_What you have to do_: Leaving out every picture, please repeat exactly the line that contains "Zeer ruim penthouse" and each line after it through the final line below.

Captioned web image data
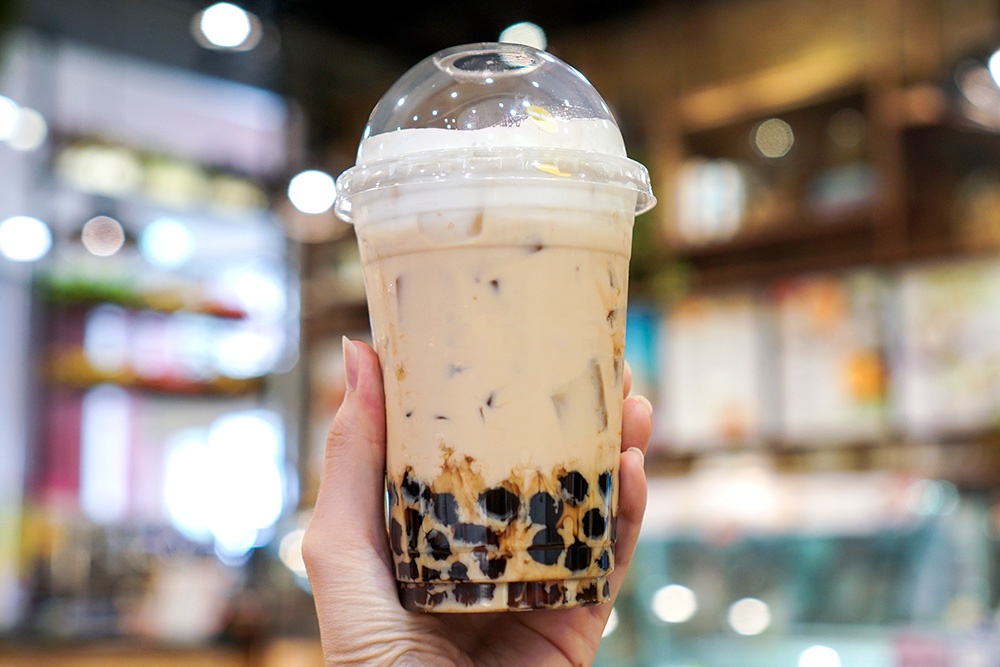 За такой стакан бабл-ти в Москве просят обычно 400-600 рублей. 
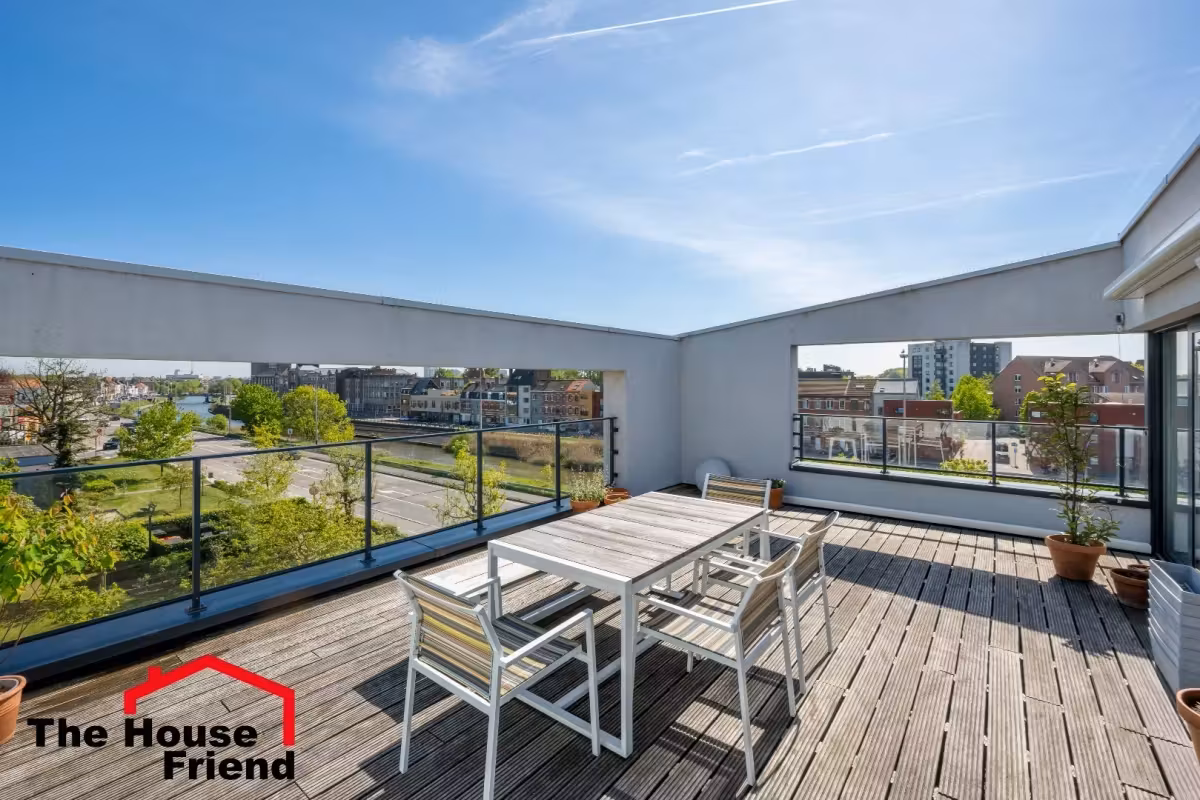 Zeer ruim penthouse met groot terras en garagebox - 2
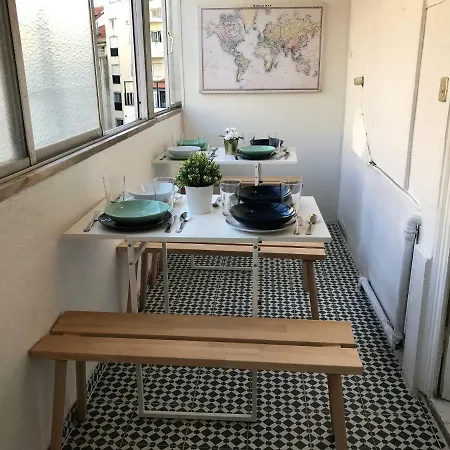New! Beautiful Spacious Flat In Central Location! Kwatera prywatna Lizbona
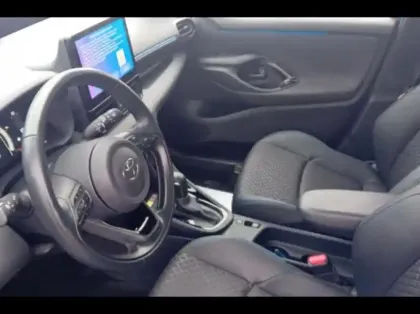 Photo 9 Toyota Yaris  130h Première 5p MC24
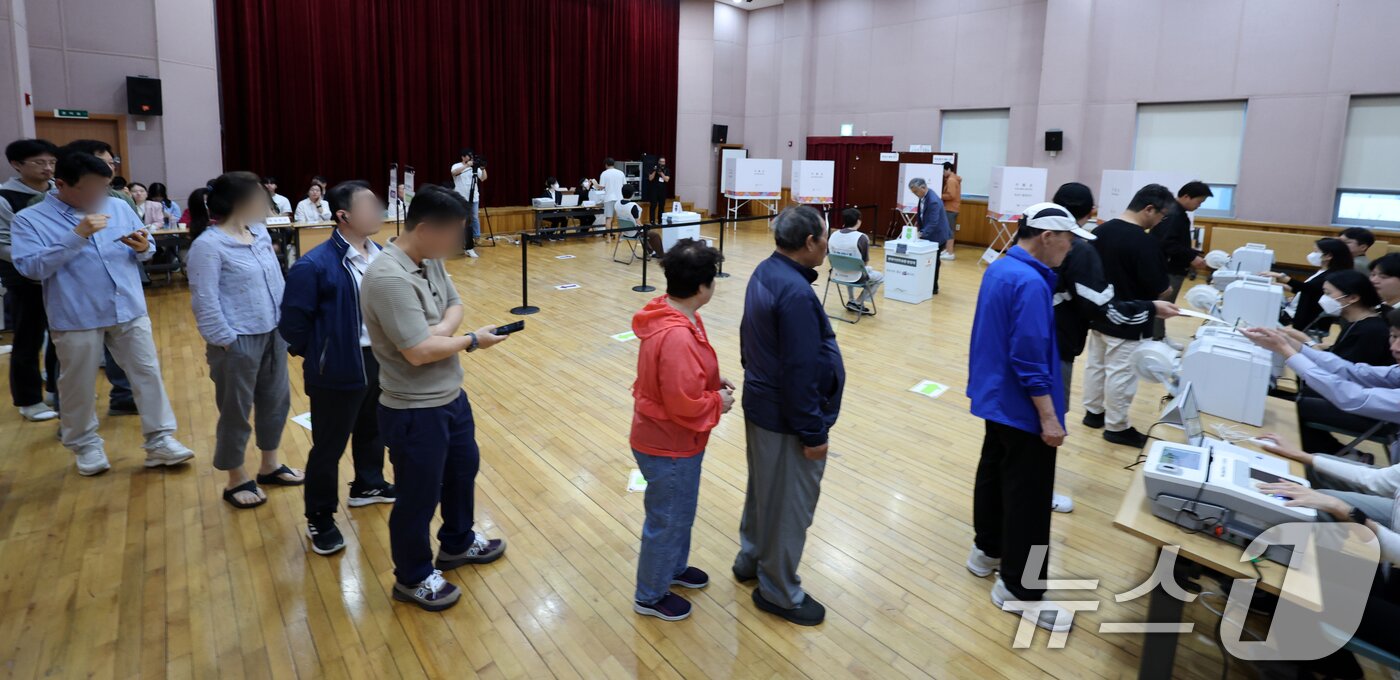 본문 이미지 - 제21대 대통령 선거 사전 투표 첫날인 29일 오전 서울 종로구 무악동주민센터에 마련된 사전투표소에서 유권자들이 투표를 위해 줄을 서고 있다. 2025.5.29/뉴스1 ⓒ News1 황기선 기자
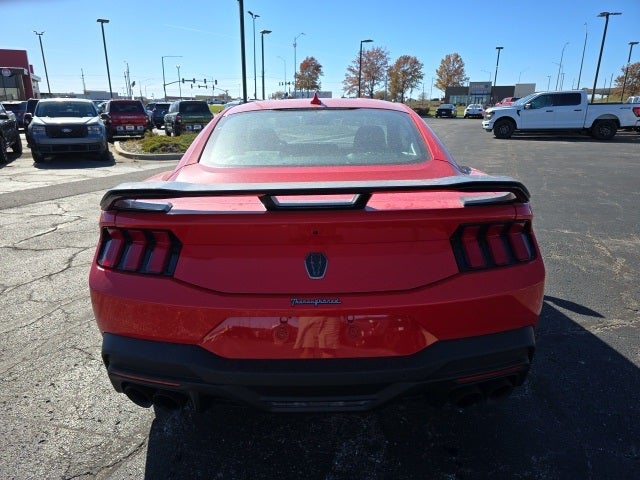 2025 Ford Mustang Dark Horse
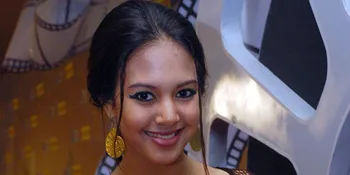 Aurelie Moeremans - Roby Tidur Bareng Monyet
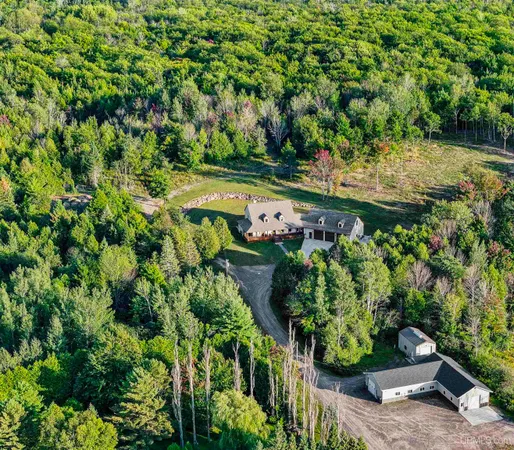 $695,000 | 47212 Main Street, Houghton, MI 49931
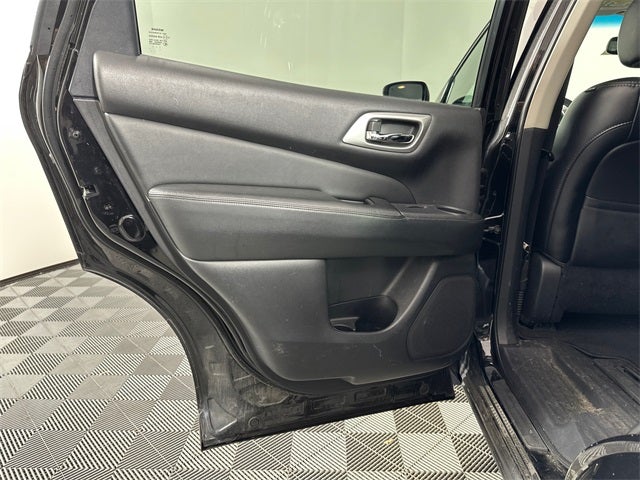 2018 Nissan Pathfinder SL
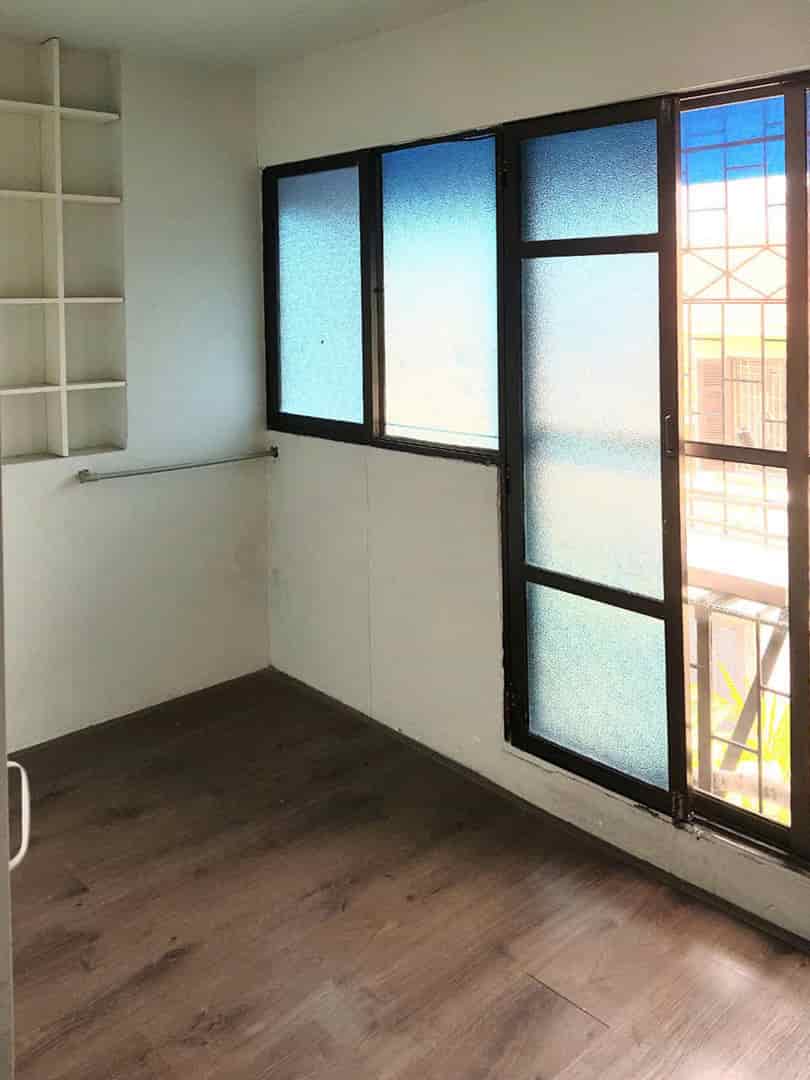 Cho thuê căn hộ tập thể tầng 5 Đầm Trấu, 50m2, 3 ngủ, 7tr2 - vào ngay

_Solved problem_:
 Zeer ruim penthouse met groot terras en garagebox - 2
New! Beautiful Spacious Flat In Central Location! Kwatera prywatna Lizbona
 Photo 9 Toyota Yaris  130h Première 5p MC24
 본문 이미지 - 제21대 대통령 선거 사전 투표 첫날인 29일 오전 서울 종로구 무악동주민센터에 마련된 사전투표소에서 유권자들이 투표를 위해 줄을 서고 있다. 2025.5.29/뉴스1 ⓒ News1 황기선 기자
 2025 Ford Mustang Dark Horse
 Aurelie Moeremans - Roby Tidur Bareng Monyet
 $695,000 | 47212 Main Street, Houghton, MI 49931
 2018 Nissan Pathfinder SL
 Cho thuê căn hộ tập thể tầng 5 Đầm Trấu, 50m2, 3 ngủ, 7tr2 - vào ngay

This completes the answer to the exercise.